A veces, por un motivo u otro, una obra no termina de funcionar a un cuando en la teoría debería ser un auténtico adalid de su género. Ocurra esto por la pericia desigual del autor o por una mala elección del medio en ocasiones el cambio de éste segundo aspecto puede encumbrarlo a las más altas cimas. Y de esto tenemos un ejemplo en el reciente primer episodio de Juego de Tronos.
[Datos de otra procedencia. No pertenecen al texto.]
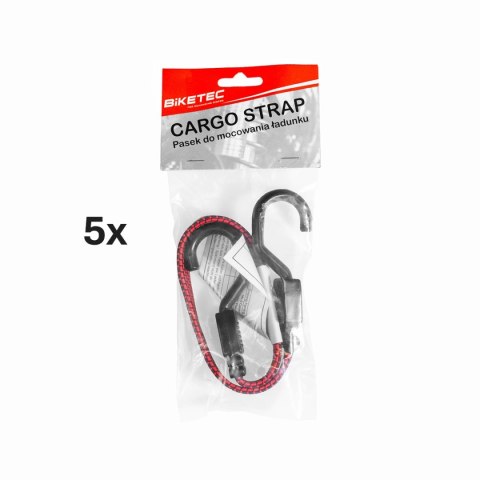 BIKETEC 5 SZTUK TAŚMA ZABEZPIECZAJĄCA BAGAŻ (EKSPANDER BAGAŻOWY) MODEL BUNGEE 17MM X 50CM, KOLOR CZERWONY BIKETEC OM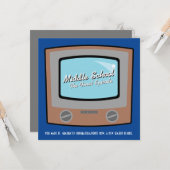 retro tv middelbare school AFSTUDEREN gefeliciteer Kaart (Voorkant / Achterkant in situ)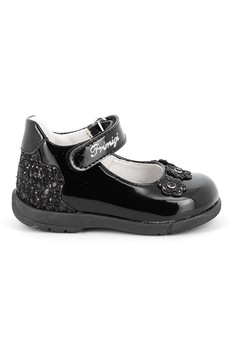 Primigi, Pantofi Mary-Jane de piele lacuita si aplicatii florale, Negru Primigi, Pantofi Mary-Jane de piele lacuita si aplicatii florale, Negru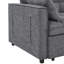 Lit convertible à 2 places, gris avec lit escamotable dissimulé, dossier pliable et poches latérales pour magazines, petites chambres d'amis convenables dans des appartements compacts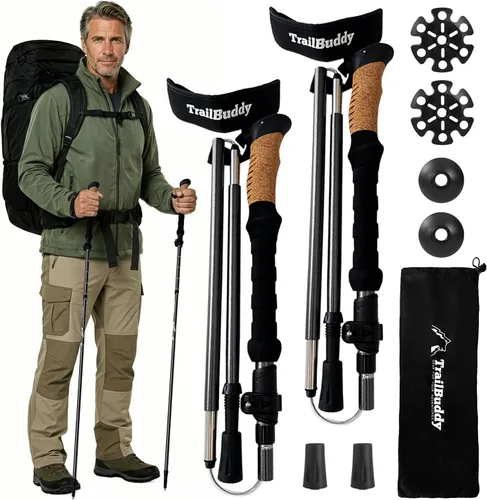 Vista 16 de TrailBuddy Trekking Poles – Lightweight 7075 Aluminum Hiking Poles for Women, Men & Seniors – Collapsible Walking Sticks for Travel, Trails & Balance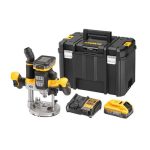   Dewalt Felsőmaró, 18V  2x5.0Ah Powerstack akku + töltő, koffer (+ajándék akkumulátor szett, részletek a leírásban)
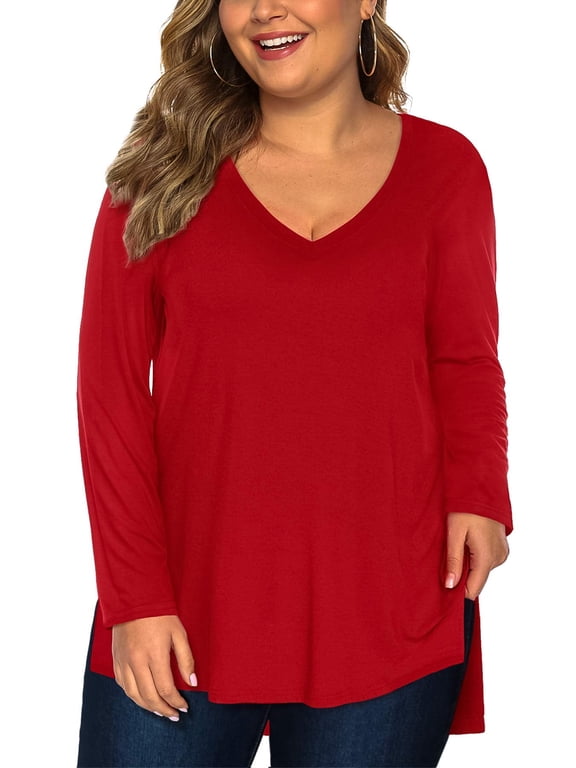 Womens Plus Size Tops Long Sleeve V Neck Tee Shirt Clothes(Red 1X)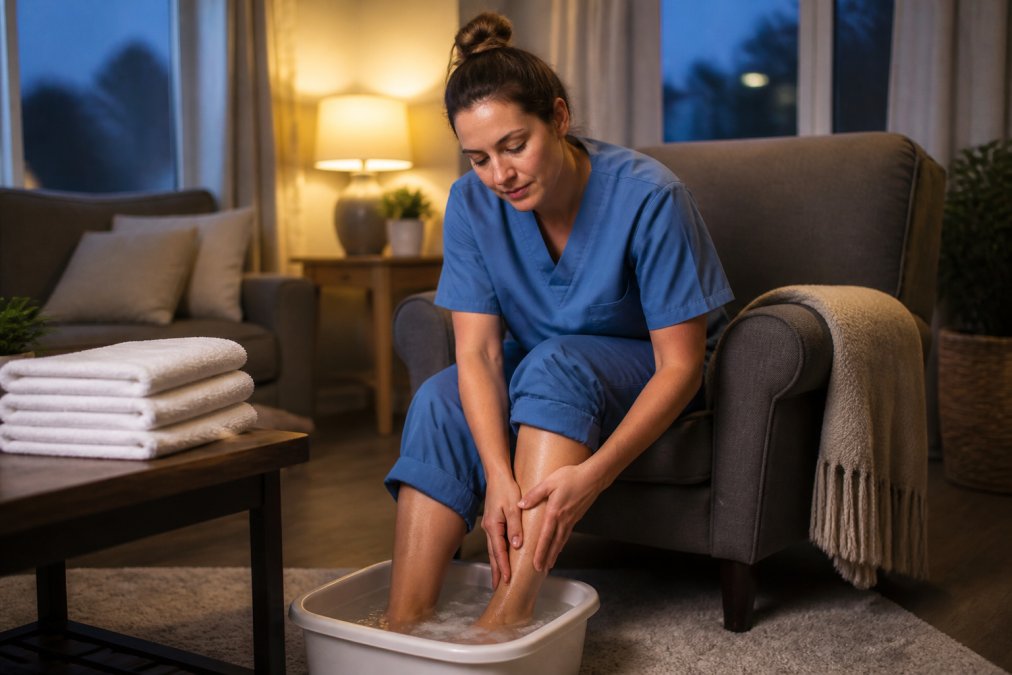 A nurse relaxing at home, soaking swollen feet in mineral foot care products after a long shift.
La nueva serie de la HBO desembarca con la adaptación de los (prescindibles) libros de George R. R. Martin que tiene cautivada a toda la inteligencia subcultural adoradora de la fantasía medieval. Su visión de un medievo especialmente crudo y realista, con una cantidad de muertes desorbitada y ninguna clase de mojigatería con el uso del sexo y la violencia ha conquistado los rollizos corazones de los fans del género. La serie, además de poseer un presupuesto holgado y algunas caras bien conocidas, consigue solventar el problema principal que tiene la escritura de George R. R. Martin: su pesadez y vaguedad para la narrativa. Los farragosos diálogos que subrayan incesantemente cosas que ya sabemos quedan solventados en diálogos ágiles y miradas que cortan el ambiente con la misma facilidad que la espada del rey de los Stark quiebra el corazón de un desertor de la guardia negra. Así cualquier posible crítica que se tuviera sobre el estilo de Martin ‑sus descripciones clónicas, por ejemplo- quedan solventadas automáticamente en su paso a la imagen. Incluso escenas inútilmente densas como el hobby de Bram por la escalada quedan solventadas con estilo y precisión con los cortes precisos. El paso hacia el campo audiovisual permite el pulido extremo de todas sus aristas.
Quizás por el camino se pierde la espectacular boda dothraki que queda en la carnicería de cuatro salvajes pelagatos pero a cambio nos encontramos con lo que Canción de Hielo y Fuego siempre debió ser: un tira y afloja de intrigas palaciegas y delirios pulp frenético. Habrá que seguir de cerca si esta depuración de la obra cardinal de la fantasía contemporánea sigue con tan buen pulso de adaptación al entorno que siempre fue suyo.